Grazie alla mostra “Le chiese gotiche di Gubbio”, esposta alcuni anni fa, curata dall’architetto Antonio Italiano, riguardava un suo studio di analisi tipologica e di protezione sismica degli edifici sacri eugubini del XII secolo, offrì l’occasione anche per comprendere l’evoluzione architettonica di una delle più belle città d’Italia.
In particolare lo studio si è soffermato sulle chiese realizzate con la particolare tipologia dell’arco trasversale. Una tipologia che è facilmente individuabile, caratterizzata da un’unica navata (eccetto la chiesa di San Francesco che ha tre navate) con copertura a due falde, in cui vengono utilizzati archi in pietra a sesto acuto, sormontati da un timpano in muratura, denominato anche ad arco-diaframma, dal francese arc-diaphragme.
Nuova modalità di costruzione.
Questa modalità di realizzare ampie coperture è presente a Gubbio nelle seguenti chiese di San Giovanni, nel Duomo, in Sant’Agostino e nella chiesetta di San Donato, così come è rintracciabile (nascosto però alla vista dalle volte aggiunte successivamente a seguito delle trasformazioni rinascimentali e barocche) in San Pietro, Dan Domenico (già San Martino) e Santa Maria Nuova.
Una particolarità, che può essere analizzata anche come una curiosa eccezione, è il fatto che in un intervallo temporale relativamente breve (meno di cento anni) siano sorte o siano state modificate ben sei chiese all’interno delle mura eugubine con questa particolare tipologia costruttiva.
L’arco trasversale
ebbe grande diffusione nei primi anni del Duecento in Europa e soprattutto nell’Italia centrale, tra cui moltissime realtà in Umbria.
Del resto, come ricordato dall’autore dello studio, l’utilizzo dell’arco trasversale è rintracciabile sin da tempi antichi in zone del Medio Oriente come la Turchia ionica, la Giordania e la Siria. Una tipologia costruttiva introdotta in Europa dai monaci Cistercensi in seguito all’evento delle Crociate, sulla scorta delle esperienze architettoniche medio orientali e della Spagna mussulmana.

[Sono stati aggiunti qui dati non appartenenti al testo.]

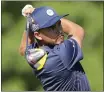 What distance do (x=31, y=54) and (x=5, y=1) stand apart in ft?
11.5

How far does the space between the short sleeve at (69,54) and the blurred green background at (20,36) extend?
3154 millimetres

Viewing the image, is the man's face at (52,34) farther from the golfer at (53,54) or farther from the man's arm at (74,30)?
the man's arm at (74,30)

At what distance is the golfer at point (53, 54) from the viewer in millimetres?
2754

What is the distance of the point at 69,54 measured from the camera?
2.79m

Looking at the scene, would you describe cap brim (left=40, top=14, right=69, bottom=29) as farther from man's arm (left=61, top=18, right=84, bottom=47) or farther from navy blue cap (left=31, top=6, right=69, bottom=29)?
man's arm (left=61, top=18, right=84, bottom=47)

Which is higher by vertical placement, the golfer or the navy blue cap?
the navy blue cap

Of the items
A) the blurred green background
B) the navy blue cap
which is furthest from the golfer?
the blurred green background

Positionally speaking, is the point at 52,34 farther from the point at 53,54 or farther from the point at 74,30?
the point at 74,30

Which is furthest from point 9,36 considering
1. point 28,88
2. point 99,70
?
point 99,70

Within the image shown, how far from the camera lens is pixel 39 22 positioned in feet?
9.14

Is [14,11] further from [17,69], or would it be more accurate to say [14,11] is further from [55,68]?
[55,68]

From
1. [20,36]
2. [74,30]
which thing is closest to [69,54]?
[74,30]

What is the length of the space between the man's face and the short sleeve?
0.06m

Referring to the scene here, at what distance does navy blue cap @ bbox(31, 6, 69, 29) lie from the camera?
2.76m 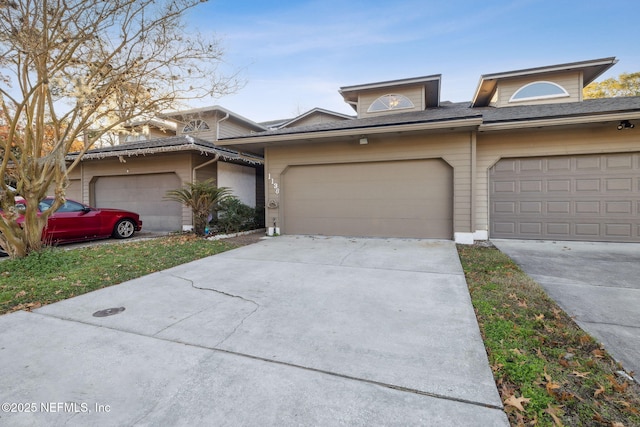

L’arco trasversale La caratteristica dell’arco trasversale si ritrova anche in molte chiese templari del nord della Spagna, in considerazione del fatto che i monaci Cistercensi erano già presenti ben prima dell’ordine religioso-cavalleresco e che ne furono anche strenui patrocinatori.
Evidente quindi fu la spinta dei Cistercensi nell’utilizzo della tipologia ad arco trasversale per realizzare i propri edifici, un modo di costruire che si sposava perfettamente con l’ideale austero ed essenziale della Regola di San Benedetto, eliminando tutto quello che era ritenuto eccessivo nella vita, nel vestire, nelle liturgie e nell’arredamento delle chiese, dei chiostri e degli edifici regolari.
La nuova metodologia costruttiva, utilizzata in sostituzione della capriata in legno, apportò notevoli vantaggi tecnici e pratici; in primo luogo una migliore solidità strutturale che consentì la copertura di luci maggiori, anche in zone povere di legname o dove risultava difficile reperire fusti di grandi dimensioni.
A Gubbio la possibilità di utilizzare l’ottima pietra calcarea delle vicine cave della Gola del Bottaccione sviluppò l’abile arte delle maestranze tra muratori, carpentieri e scalpellini, che in breve periodo si insediarono fortemente nel territorio eugubino.
Di indubbio vantaggio poi, fu la possibilità di scongiurare il problema degli incendi in biblioteche, depositi o dispense che in quel tempo erano molto diffusi e spesso causa di disastrose conseguenze.